As this is a mixed audience of librarians, archivists and curators, it may be helpful just to start with a few points about the nature of archival catalogues and how they operate in an online world.
In ting was the beginning was the National Register of Archives founded in 1945 as a paper-based national union catalogue of manuscripts, held in London, indexed by the ‘creators’ of manuscripts; now with info on over 300,000 collections indexes computerised from the 1970s and given additional place-name and subject access points; mounted online in the 1990s; linking to online catalogues began in 2005 adapted as an ISAAR-compliant name authority file in 2007 In 1998 the National Council on Archives published its seminal report, Archives Online – the creation of a National Archives Network articulated (what remains a valid objective) the concept of a single online point of access from which it would be possible to search and browse all the available catalogue descriptions of UK archives, linked to a name authority file identified the major tasks as retroconversion of existing paper-based catalogues and creating the technical infrastructure The report recognised that funding silos might mean a range of different projects took this vision forwards, but that adherence to some simple rules on interoperability would enable them to be linked or joined up in future
As a result, over the last decade or so, many flowers have bloomed. Some, like A2A and SCAN have not been taking on new content for some years, while others continue in active development and are indeed represented at this conference. There must be a concern, however, in the current funding environment, about how sustainable services are which are dependent on project or renewable funding. Or about whether their funders will reward their continuing fulfilment of a core information function as well as supporting continuing development.
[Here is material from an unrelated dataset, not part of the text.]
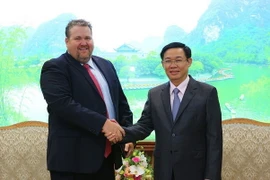 Phó Thủ tướng Vương Đình Huệ tiếp ông David Stone. (Ảnh: Dương Giang/TTXVN)
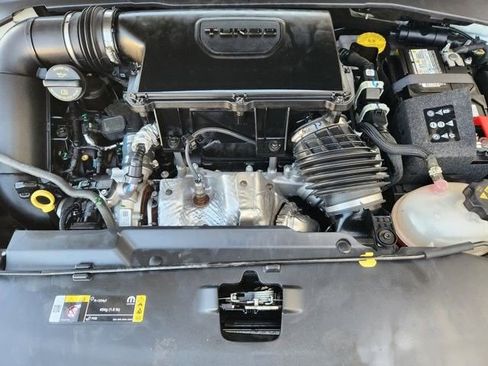 Used 2024 Jeep Compass Latitude w/ Convenience Group AWD/4WD image 32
About five years ago there was a prevalent view that the future lay in each repository hosting and managing its own data. Considerable investment has been made by local authorities and universities in making this possible, using two main commercial products, CALM and ADLIB, and a variety of other commercial and bespoke approaches. My view – and I recognise that this contentious - is that the results have been rather disappointing. Some of the reasons for this are on the screen. And again, there must be a question about whether in the current funding environment, the range of repositories providing their own catalogues will continue to grow, and even whether those which have them will continue to afford the relevant licences and investment to maintain them.
I want to turn now to The National Archives’ own work with linked data. As an organisation we have a commitment to the principles of open data. We are the arm of the UK government responsible for implementing the PSI directive, and the UK is widely viewed across Europe as the most enthusiastic advocate of open data. We have seen a range of initiatives by the current government to take this agenda further: data.gov.uk and now proposals for a Public Data Corporation. We are fortunate in having, in the person of John Sheridan, one of the pioneers and greatest advocates of linked data, certainly in the UK and possibly internationally. He has built up a team which has delivered the legislation.gov.uk site, of which TNA is extremely proud. It has made possible a revolution in the accessibility of primary and secondary legislation, both in its original enacted form and as amended. It is possible to see what was the state of the legislation at any particular date in the past. Linked data has been critical in making this possible. John’s work has prompted us to explore how L D can work in other contexts. We are producing a L D version of PRONOM which enables matching of the file format definitions it contains with those in similar registeries across the world. And we are exploring the application to resource discovery
The context for this is the beta-launch of an improved resource discovery system, initially focusing on Catalogue and some digitised resources, as our “Discovery” system. We are planning to explore the use of L D in the form of the “Open Annotations” model, for linking catalogue records and related user-generated content. Our ambition is to enable UGC to enrich the catalogue but at the same time to make it easy to see at a glance what is authoritative TNA-sourced catalogue data and what is possibly less authoritative UGC. In 2011 we will be seeking views on the future development of the NRA with a renewed appetite for sector leadership. We aim to move to a new infrastructure platform in 2012-14 which will radically enhance the technical and collaborative possibilities. We are willing to consider rebuilding the data structure to facilitate new ways of working, and we will explore the potential of linked data, web crawling and other approaches to extending the effective data content. We are considering offering a hosting service for repository catalogues that allows you to edit them remotely, thus potentially removing the need for smaller services to build an online catalogue at all. And we are interested at enabling crowdsourcing and possibly linking to online resources like Wikipedia as solutions to rapidly building name authority content SO – TELL US WHAT YOU WANT THE NRA TO DO FOR YOU!
I hope there is enough there to stir up debate! Thank you.